Mess at the market

2012-05-10 00:00

THE Pietermaritzburg Fresh Produce Market in Mkhondeni is becoming a white elephant, with traders choosing to make their bulk fruit and vegetable purchases in Durban instead of from the local facility, which they say is dilapidated and short-staffed.

Market agent Johan Prigge, a partner in Natalia Markagente, said he is at the end of his tether with the market’s “dysfunctional” cashing system and the lack of security and maintenance.

“It’s chasing away buyers,” he said.

Prigge and other agents operating on the floor question whether revenue earned from the market is reinvested in the facility.

The agents said the problem was that their municipal colleagues did not understand the fresh produce industry.

“The only way I see out is to privatise the market,” said Stanley Ward, Prigge’s business partner.

“Farmers, agents and buyers must take over. We’re planning to do that. We’ve got to. Things cannot continue the way they are now.

Last week, market staff informed the agents that the market would be shut on Saturdays in future due to the lack of cashiers.

But this decision was reversed after the agents protested.

The market operated with two cashiers last Saturday instead of the usual three or four.

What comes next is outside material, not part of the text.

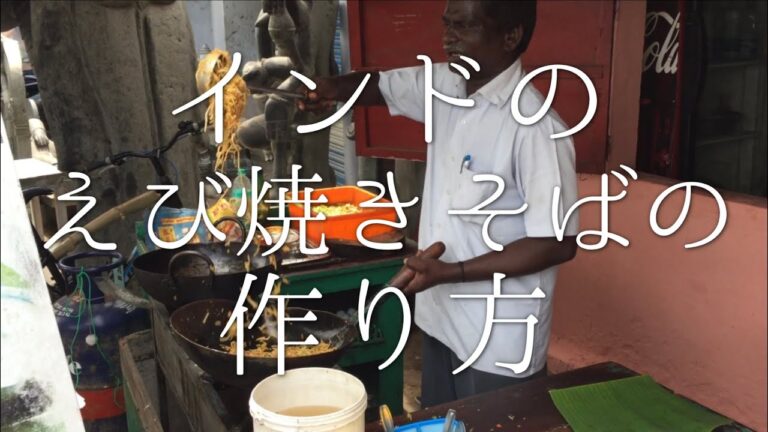 インドのえび焼きそばの作り方 / Prawn Fried Noodle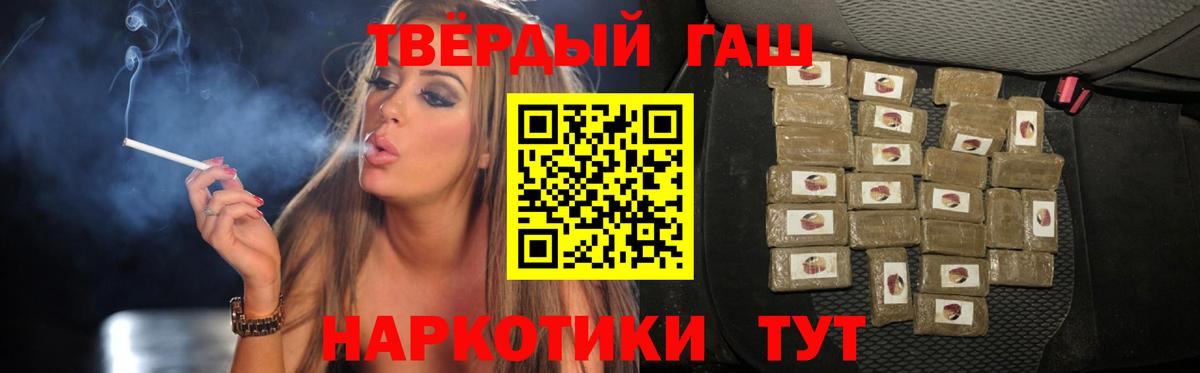 ГАШ Cannabis  Гашиш индика сатива  Калач-на-Дону  Вход с VPN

The municipality promised that two more would be provided this weekend.

A major criticism of the buyers is the system they have to use to make their purchases. They said they were made to deposit money before making purchases, which they declared on leaving the market.

They were entitled to change if there was money left over. However, the market sometimes took up to four days to process refunds, the agents said.

“They say they cannot balance their books [in time],” said Prigge.

The agents said the market was not maintained adequately, creating a safety hazard.

The Witness found that a roof at a loading platform has collapsed, huge, heavy gates are held by precarious mountings that need reinforcement, security cameras have been stolen, gutters have disappeared and the toilets are in a filthy state.

When there are thefts, agents have to pay for the losses themselves, they said.

“The floor has not been cleaned in a while because the cleaning machine is broken,” Ward added.

Peter and Company director Mike Elliot said agents made up to R22 million a month, of which the municipality took about five percent(R2,27 million). However, there were several vacant posts at the market.

“The municipality is not prepared to make sacrifices, yet it wants the money,” Elliot added.

Prigge and Ward agreed, saying the money earned by the municipality was not being invested in the market.

The agents met municipal manager Mxolosi Nkosi to discuss their grievances last month.

However, the changes Nkosi proposed “are not big enough or quick enough”, Elliot said.

He added that the market had not been revamped since 1962.

Jose de Jesus, who owns four supermarkets in Pietermaritzburg and buys produce for two others on the coast, said he had ditched the Mkhondeni market for one in Durban.

He said Pietermaritzburg market often had only one cashier operating.

“Go to the Durban market, which is clean and there are guards. Pietermaritzburg residents are now buying in Durban. I’m not talking about just one or two, but a lot of them,” De Jesus added.

Elliot said some buyers who spent almost R2 million a month had left the market.

“We can’t lose buyers like this,” he said.

Municipal spokesperson Brian Zuma admitted there were several problems at the market.

He said that the municipality was about to employ two temporary cashiers.

Asked about progress since Nkosi had visited the market, Zuma said: “Miracles are not going to happen, but this matter is being discussed at the highest level to try and find solutions”.